• [Provided records]:

..............................

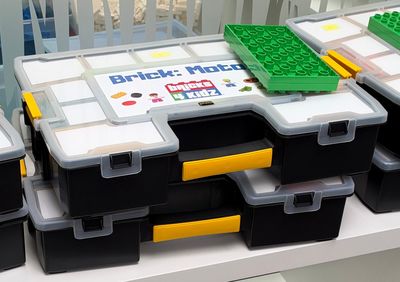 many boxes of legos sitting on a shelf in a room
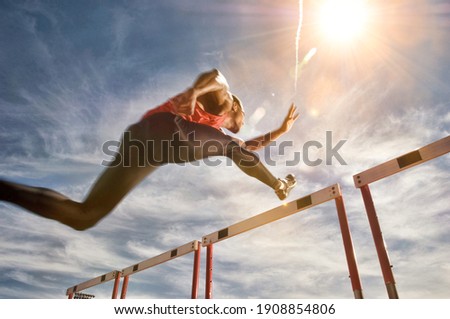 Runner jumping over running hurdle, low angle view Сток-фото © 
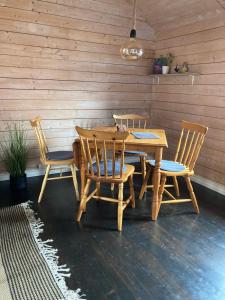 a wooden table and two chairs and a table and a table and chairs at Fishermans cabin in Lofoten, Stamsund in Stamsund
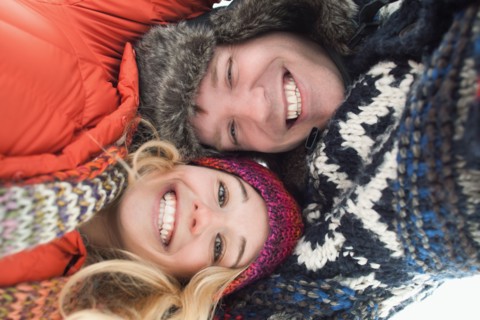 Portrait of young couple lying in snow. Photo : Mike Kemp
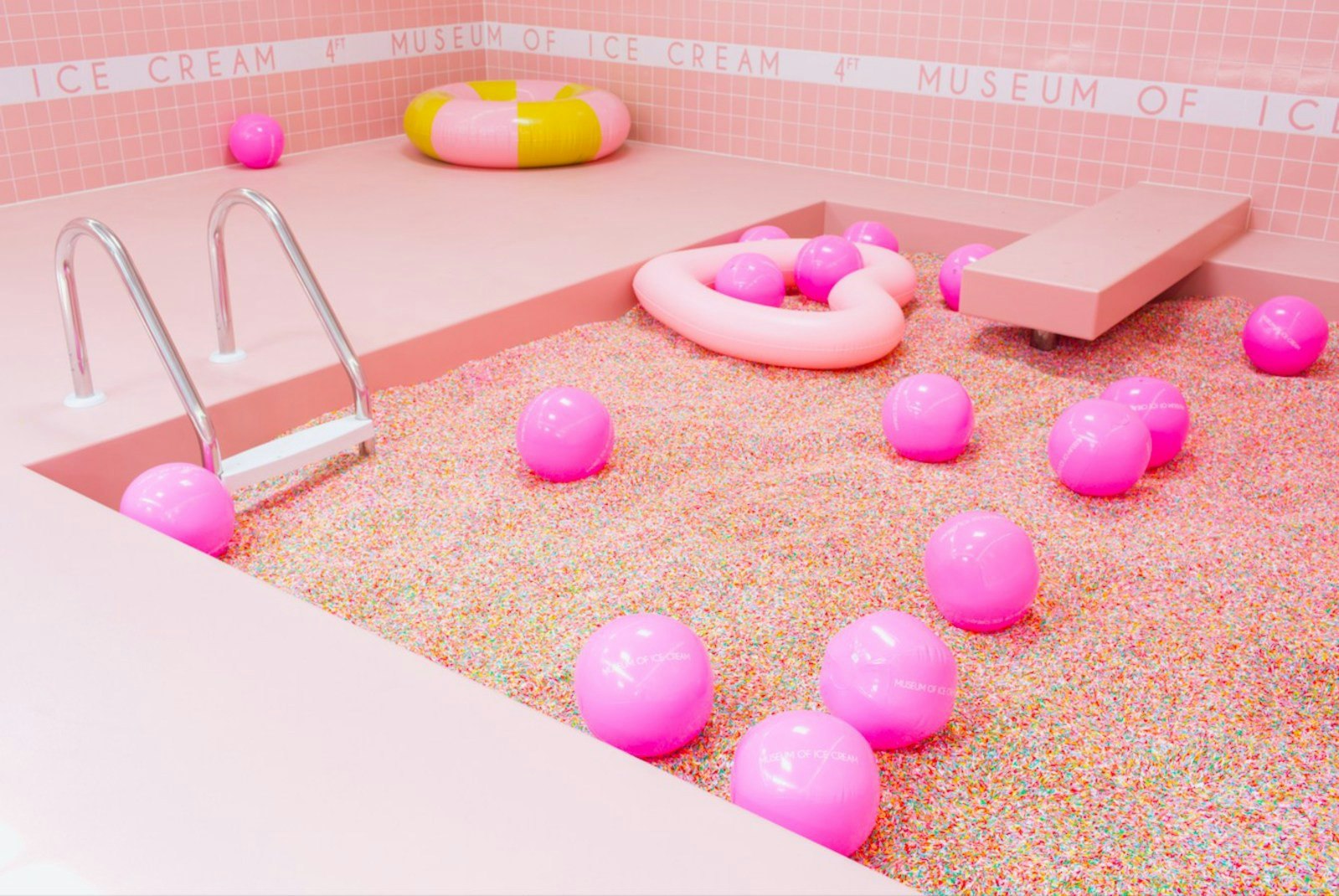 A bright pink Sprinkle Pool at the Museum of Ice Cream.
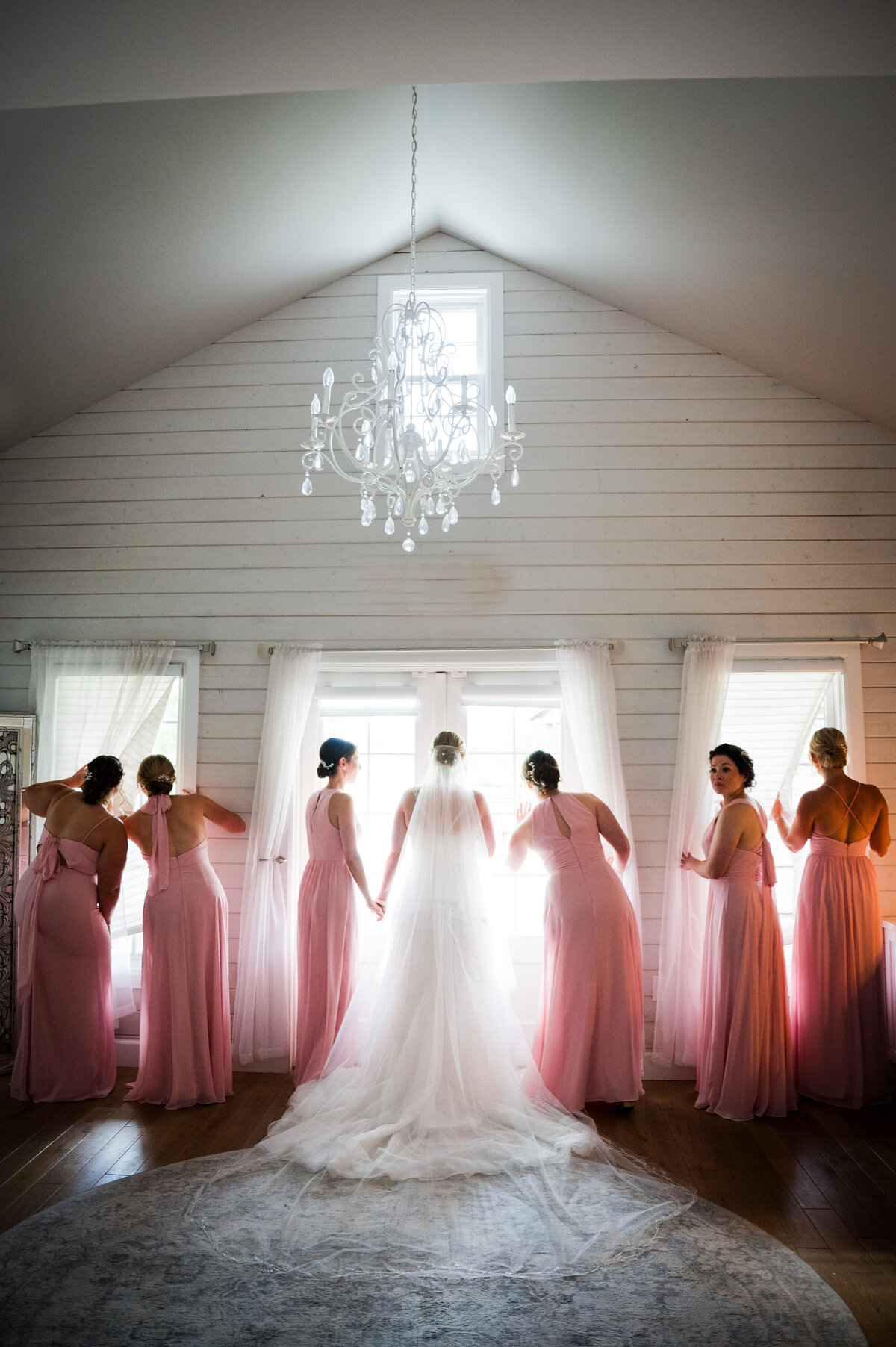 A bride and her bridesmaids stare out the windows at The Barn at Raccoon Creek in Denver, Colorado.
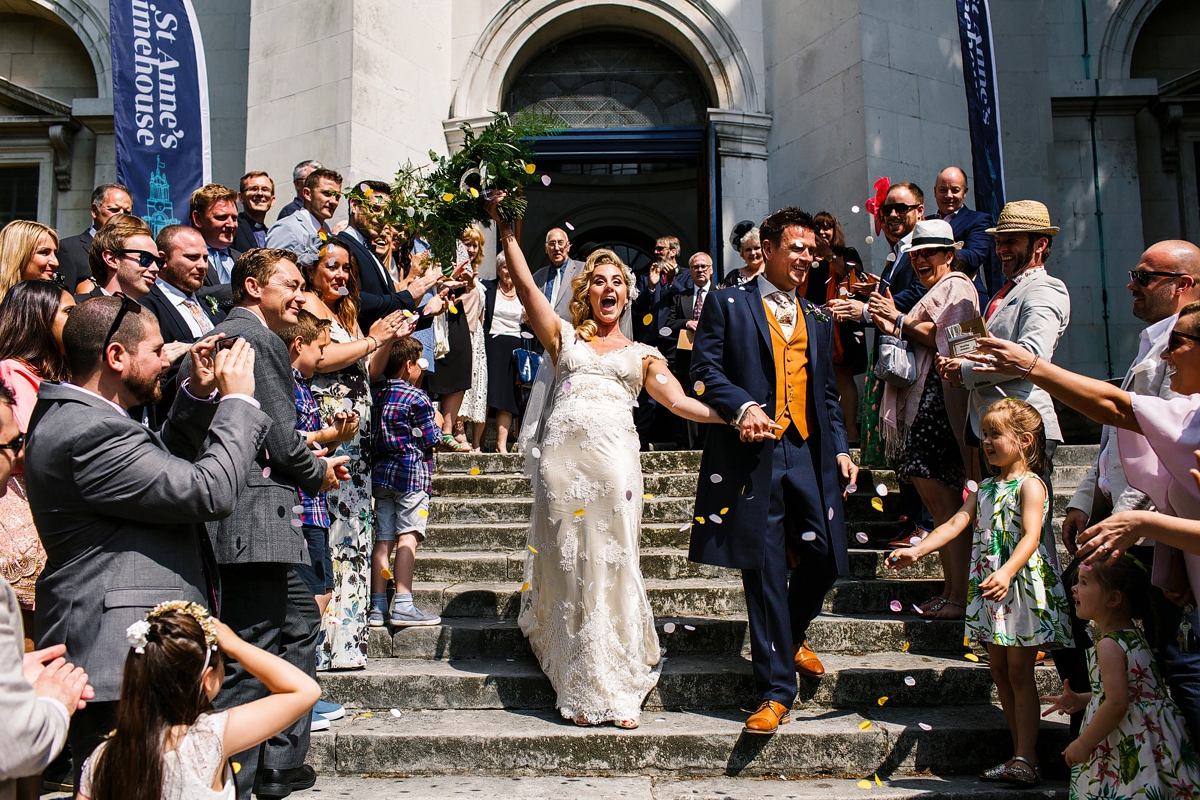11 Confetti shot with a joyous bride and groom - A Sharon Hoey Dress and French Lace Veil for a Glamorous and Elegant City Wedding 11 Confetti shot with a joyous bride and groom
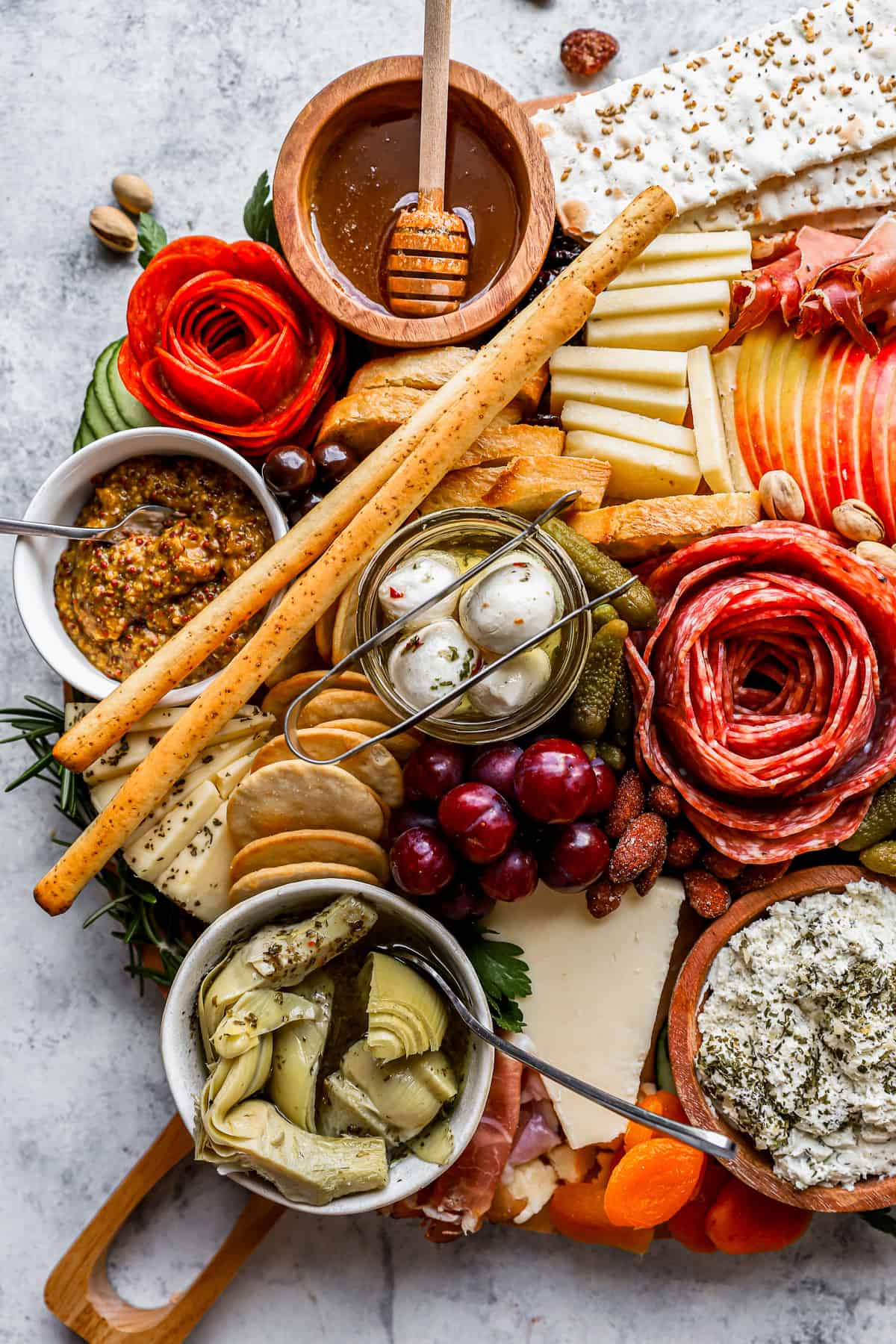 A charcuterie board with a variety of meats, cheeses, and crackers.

..............................

• [Task goal]: Your reply should give again exactly the lines from the one with "Runner jumping over" through the last line of the data, with both ends included and pictures left out.

• [Solution for this problem]:
 Runner jumping over running hurdle, low angle view Сток-фото © 
 a wooden table and two chairs and a table and a table and chairs at Fishermans cabin in Lofoten, Stamsund in Stamsund
 Portrait of young couple lying in snow. Photo : Mike Kemp
 A bright pink Sprinkle Pool at the Museum of Ice Cream.
 A bride and her bridesmaids stare out the windows at The Barn at Raccoon Creek in Denver, Colorado.
11 Confetti shot with a joyous bride and groom - A Sharon Hoey Dress and French Lace Veil for a Glamorous and Elegant City Wedding 11 Confetti shot with a joyous bride and groom
 A charcuterie board with a variety of meats, cheeses, and crackers.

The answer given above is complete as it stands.